Segment Start: DATA

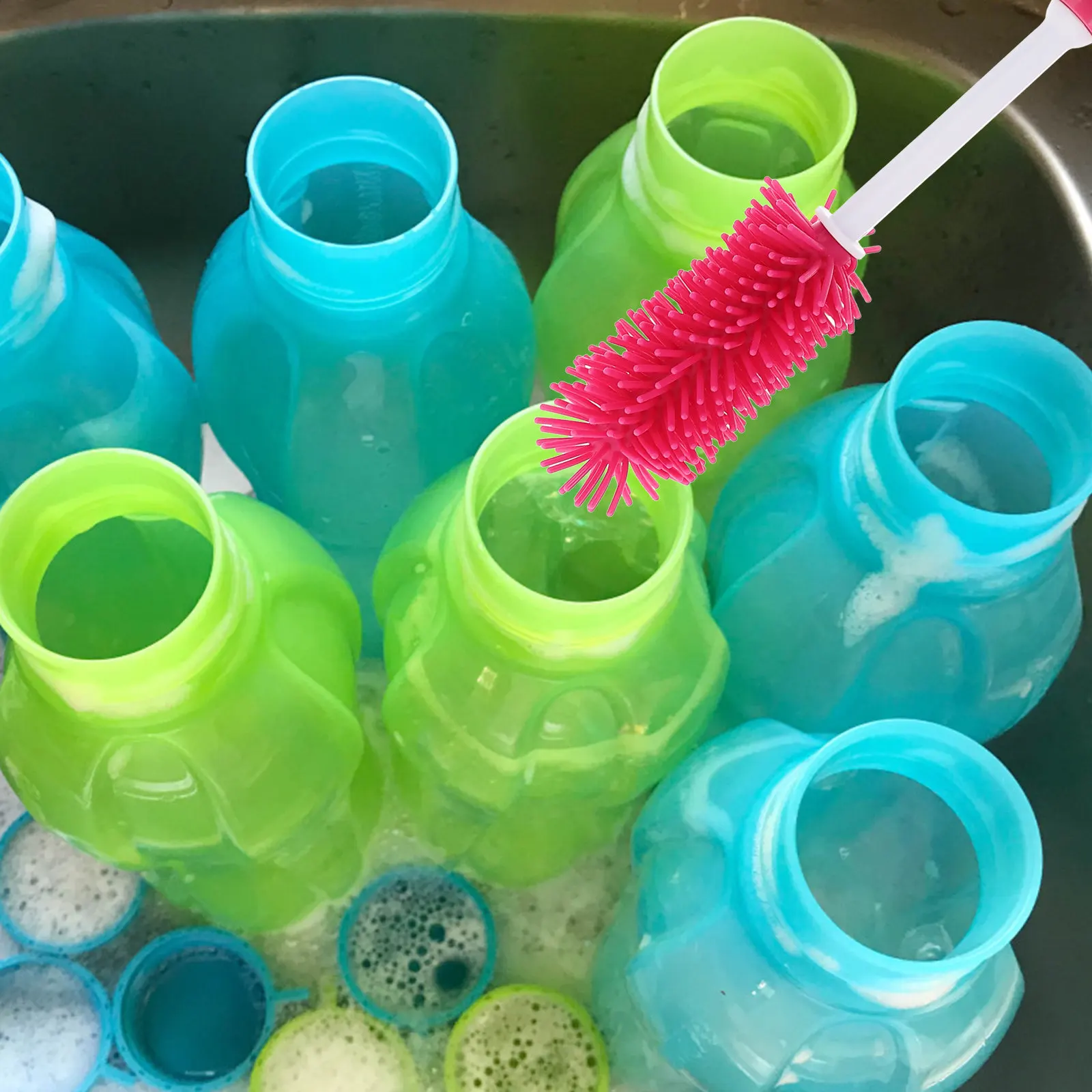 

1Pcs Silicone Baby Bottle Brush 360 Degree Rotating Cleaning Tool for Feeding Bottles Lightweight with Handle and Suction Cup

Segment End: DATA
Segment Start: DATA

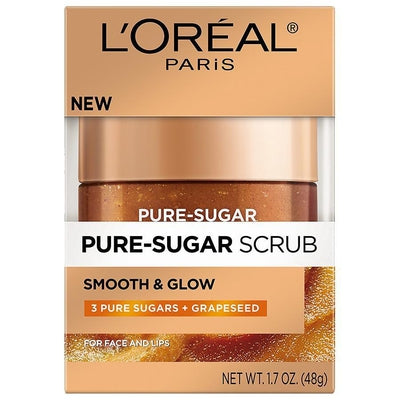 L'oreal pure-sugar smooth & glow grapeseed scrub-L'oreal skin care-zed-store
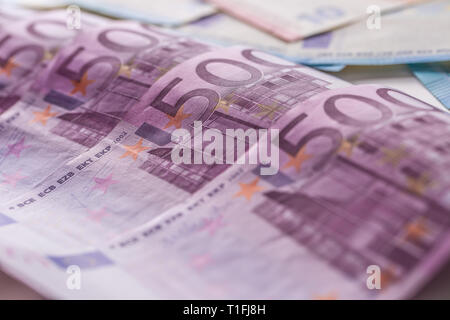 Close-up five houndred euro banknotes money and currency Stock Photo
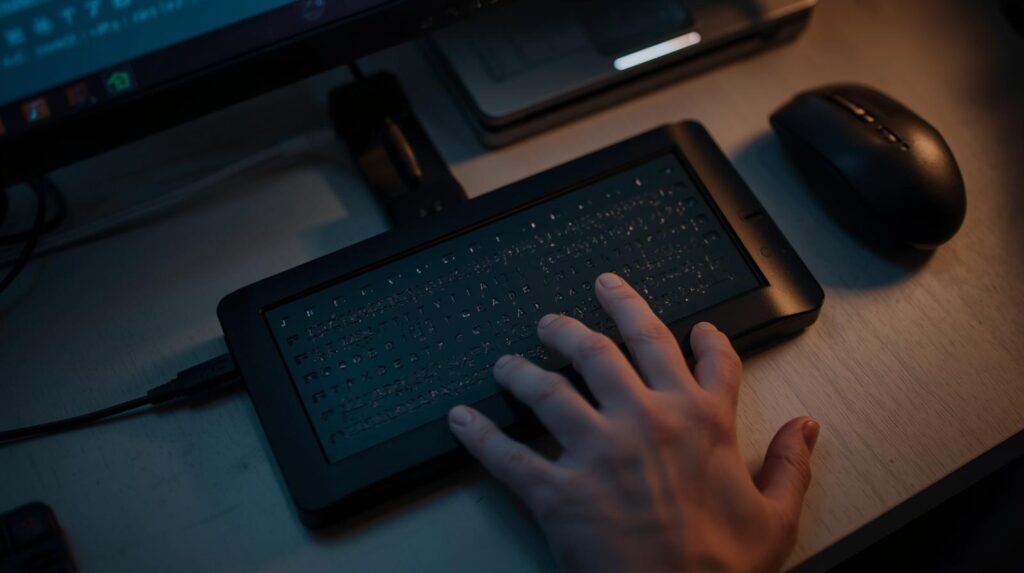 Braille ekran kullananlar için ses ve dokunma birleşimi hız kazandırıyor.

Segment End: DATA

◆ **TASK ITEM**:
A verbatim reproduction is expected: starting at the line above that has "Close-up five houndred", ending at the line that has "Braille ekran kullananlar", both included, and with no pictures and no other lines.

◆ **WRITTEN SOLUTION**:
 Close-up five houndred euro banknotes money and currency Stock Photo
 Braille ekran kullananlar için ses ve dokunma birleşimi hız kazandırıyor.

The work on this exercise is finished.